- [Input]
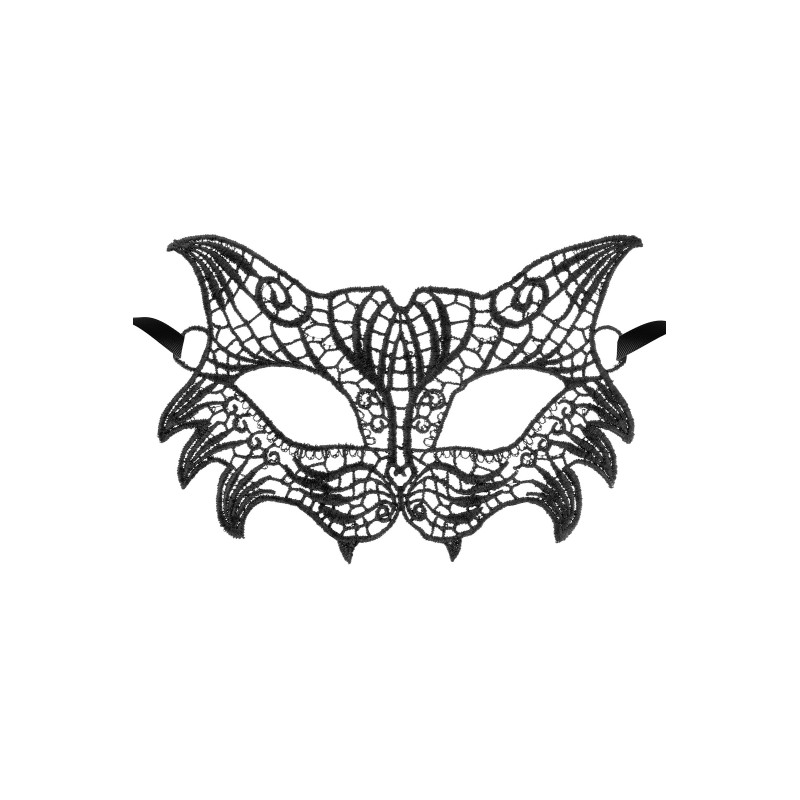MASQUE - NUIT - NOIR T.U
...
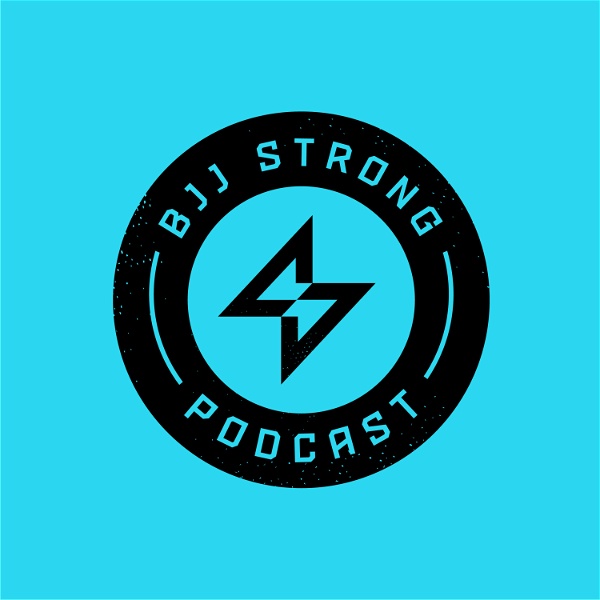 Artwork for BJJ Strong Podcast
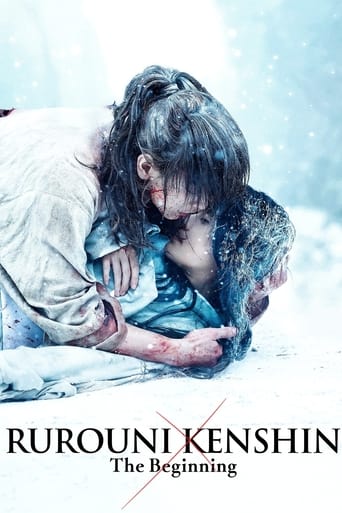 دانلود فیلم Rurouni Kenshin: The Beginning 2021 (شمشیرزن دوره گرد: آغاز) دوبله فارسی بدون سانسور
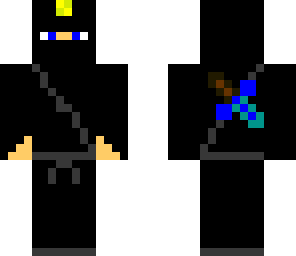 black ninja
==
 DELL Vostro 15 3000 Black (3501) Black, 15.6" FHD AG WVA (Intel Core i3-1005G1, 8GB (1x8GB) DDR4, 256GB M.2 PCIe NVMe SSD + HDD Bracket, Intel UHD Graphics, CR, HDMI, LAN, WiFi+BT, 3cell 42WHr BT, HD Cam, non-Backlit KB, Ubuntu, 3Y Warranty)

- [Task description] Exactly the lines above, from the one containing "Artwork for BJJ Strong Podcast" down to the one containing "black ninja", are to be repeated, including both ends. Pictures are not part of the copy.

- [Reply to the task]
 Artwork for BJJ Strong Podcast
 دانلود فیلم Rurouni Kenshin: The Beginning 2021 (شمشیرزن دوره گرد: آغاز) دوبله فارسی بدون سانسور
 black ninja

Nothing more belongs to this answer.